Test CORS locally with curl and HTML & Ajax
You can update API in ajax-api-call.js
var API="https://api.github.com"
if the cors working you will see response in the browser.
if the backend has does not allow the origin it should block the request
curl -I -H "Origin: https://frontend.domain" https://origintest.mydomain.com/
Expected allow origin header to check
access-control-allow-origin
Curl response:
curl -I -H "Origin: https://frontend.domain" https://origintest.mydomain.com/
HTTP/2 200
date: Tue, 28 Sep 2021 04:47:05 GMT
content-type: text/html; charset=utf-8
content-length: 170
x-powered-by: Express
access-control-allow-origin: https://frontend.domain
access-control-allow-headers: X-Requested-With
etag: W/"aa-z+ebXSEdArbZ+EXlN/WQjf6HV8c"
strict-transport-security: max-age=15724800; includeSubDomains
access-control-allow-credentials: true
app.all('/*', function(req, res, next) {
res.header("Access-Control-Allow-Origin", req.get('origin'));
res.header("Access-Control-Allow-Headers", "X-Requested-With");
next();
});
ingressExternal:
enabled: false
annotations:
kubernetes.io/ingress.class: nginx-layer-tls
nginx.ingress.kubernetes.io/ssl-redirect: "true"
nginx.ingress.kubernetes.io/enable-cors: "true"

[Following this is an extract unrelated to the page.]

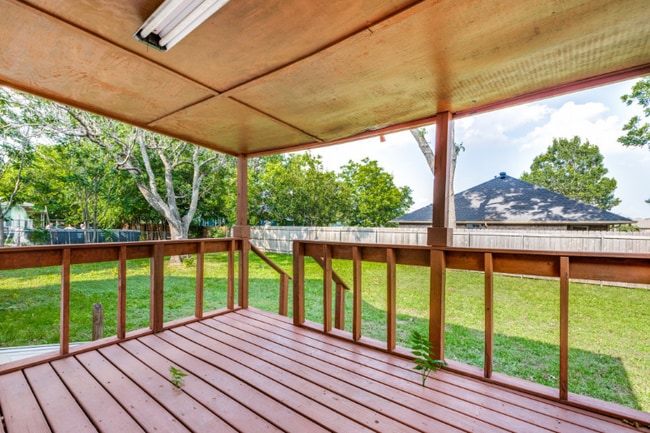 Photo - 909 N Anna St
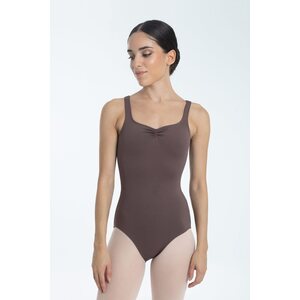 Intermezzo Leotard - 31232 BODYDANMER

nginx.ingress.kubernetes.io/cors-allow-methods: "PUT, GET, POST, OPTIONS, DELETE"
nginx.ingress.kubernetes.io/cors-allow-credentials: "true"
nginx.ingress.kubernetes.io/configuration-snippet: |
more_set_headers "Access-Control-Allow-Origin: $http_origin";
proxy_set_header l5d-dst-override $service_name.$namespace.svc.cluster.local:$service_port;
grpc_set_header l5d-dst-override $service_name.$namespace.svc.cluster.local:$service_port;
kubernetes.io/tls-acme: "true"
paths:
- "/"
hosts:
- mydomain.com
tls:
secretName: my-tls-secret
hosts:
- mydomain.com
In the below case the kubernetes ingress will only request from same origin
curl -I -H "Origin: https://test.domain" https://mydomain.com:443
HTTP/2 200
date: Tue, 28 Sep 2021 05:56:26 GMT
content-type: text/html; charset=utf-8
content-length: 7
x-powered-by: Express
etag: W/"7-3hjM+hXoQcTv5niKCOzNqTVlC7E"
strict-transport-security: max-age=15724800; includeSubDomains
access-control-allow-origin: https://mydomain.com:443 ## here you can only allowed domain and in this browser will throw error
access-control-allow-credentials: true
ingressExternal:
enabled: false
annotations:
kubernetes.io/ingress.class: nginx-layer-tls
nginx.ingress.kubernetes.io/ssl-redirect: "true"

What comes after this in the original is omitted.